# **Sales Price Study Notebook**

## Objectives

* Answer the first business requirement:
    * Enable the customer to visualize which features of the dataset are most closely correlated to the property price.
        
## Inputs
        
* outputs/datasets/collection/HousePricesData.csv

        
## Outputs
        
* Generate generate code that answers business requirement 1 and can be used to build the Streamlit App.

## Additional comments

* We will be applying the methodology described in https://github.com/Code-Institute-Solutions/churnometer/blob/main/jupyter_notebooks/02%20-%20Churned%20Customer%20Study.ipynb, adapting it to our database and business requirements.
        

---

## Change working directory

* We use os.getcwd() to access the current directory.

In [2]:
import os
current_dir = os.getcwd()
current_dir

'/workspaces/P5-heritage-housing-issues/jupyter_notebooks'

## Access the parent directory
* We want to make the parent of the current directory the new current directory.
    * os.path.dirname() gets the parent directory
    * os.chir() defines the new current directory

In [3]:
os.chdir(os.path.dirname(current_dir))
print("A new current directory has been set")

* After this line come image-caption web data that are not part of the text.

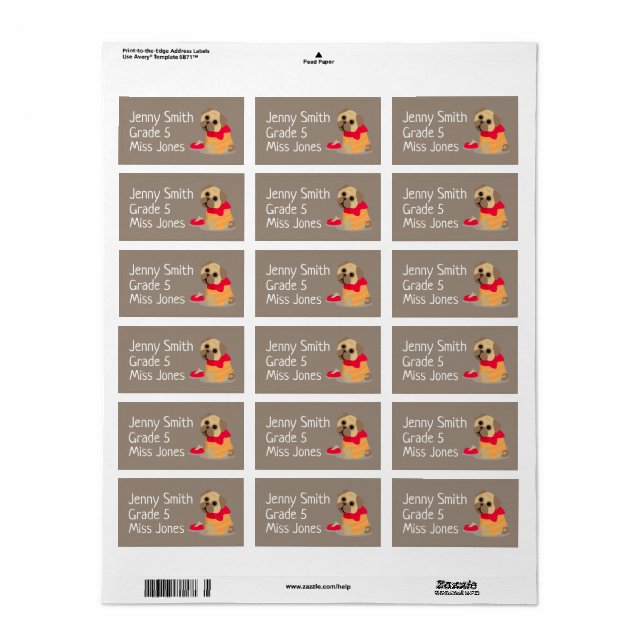 Etiqueta Rótulos de livros escolares para cachorros de meni (Toda a folha)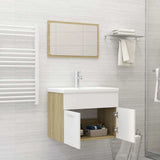 2 Piece Bathroom Furniture Set White and Sonoma Oak Engineered Wood - Side View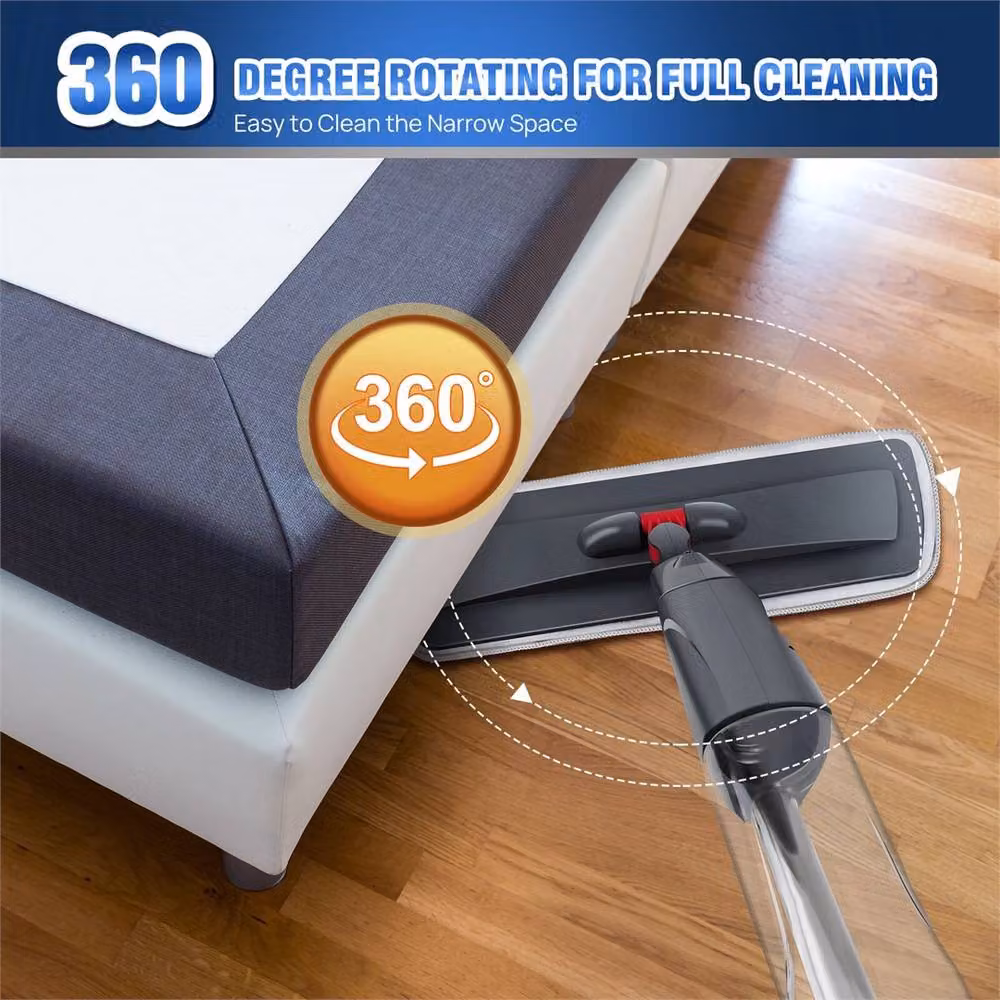 Nordara Grey Spray Mop with 700ml Water Tank and 3 Reusable Microfibre Pads – 3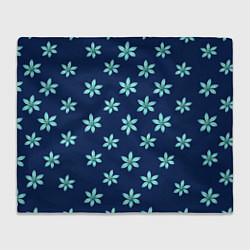 Плед флисовый Цветы Голубые, цвет: 3D-велсофт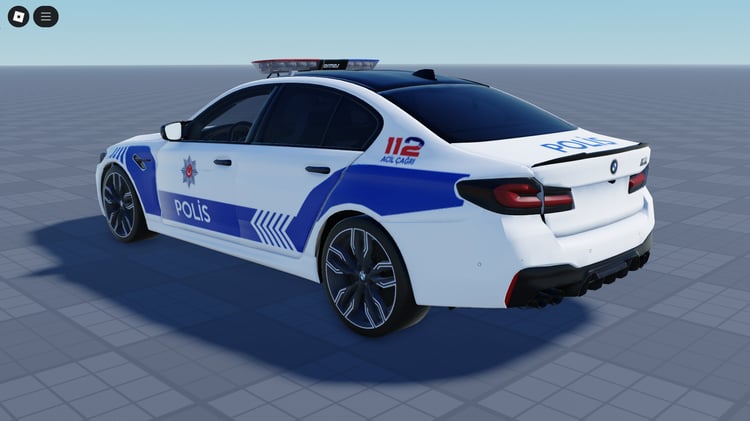 Side view with doors open and police decals visible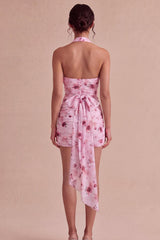 Suzhoufashion Pink Floral Halter Ruched Tight Short Homecoming Dress with Bow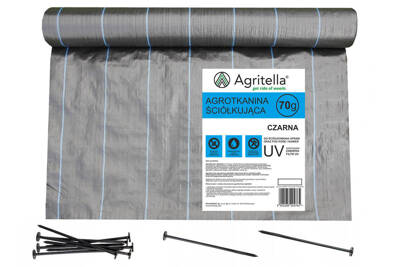 Agrotkanina czarna Agritella 3,2x50m 70g + szpilki mocujące 19cm 50szt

A new current directory has been set


## Confirm the new current directory

In [4]:
current_dir = os.getcwd()
current_dir

'/workspaces/P5-heritage-housing-issues'

---

## Load data

* Import the pandas library
* Load the dataset as a pandas DataFrame and assign it to our dataframe df_prices
* View the data in the df_prices variable

In [None]:
import pandas as pd
df_prices = (pd.read_csv("outputs/datasets/collection/HousePricesData.csv"))
df_prices.head(5)

## Data Exploration

* We want to get more familiar with the dataset, check the variables. Determine their type, distribution and missing levels. We will use this exploration to create an image of what these variables mean in our project's context.
* We will use Panda's Profile Report (https://github.com/ydataai/ydata-profiling/blob/develop/README.md) to get an analysis of each of our variables, see the missing data levels, range and so on.
    * We notice there are 20 numerical and 4 categorical variables.

In [None]:
from pandas_profiling import ProfileReport
pandas_report = ProfileReport(df=df_prices, minimal=True)
pandas_report.to_notebook_iframe()

## Correlation Study

* We will use Pearson's and Sperman's correlation tests. As both only consider numerical variables, we will use OneHotEncoder totransform the categorical data. The documentation can be found here https://scikit-learn.org/stable/modules/generated/sklearn.preprocessing.OneHotEncoder.html

In [None]:
from feature_engine.encoding import OneHotEncoder
encoder = OneHotEncoder(variables=df.columns[df.dtypes=='object'].to_list(), drop_last=False)
df_ohe = encoder.fit_transform(df)
print(df_ohe.shape)
df_ohe.head(3)

* In this dataset, the target variable is SalePrice, so we use .filter(), and sort values by their absolute value, using .sort_values(key=abs)

In [None]:
corr_spearman = df_ohe.corr(method='spearman')['SalePrice'].sort_values(key=abs, ascending=False)[1:].head(10)
corr_spearman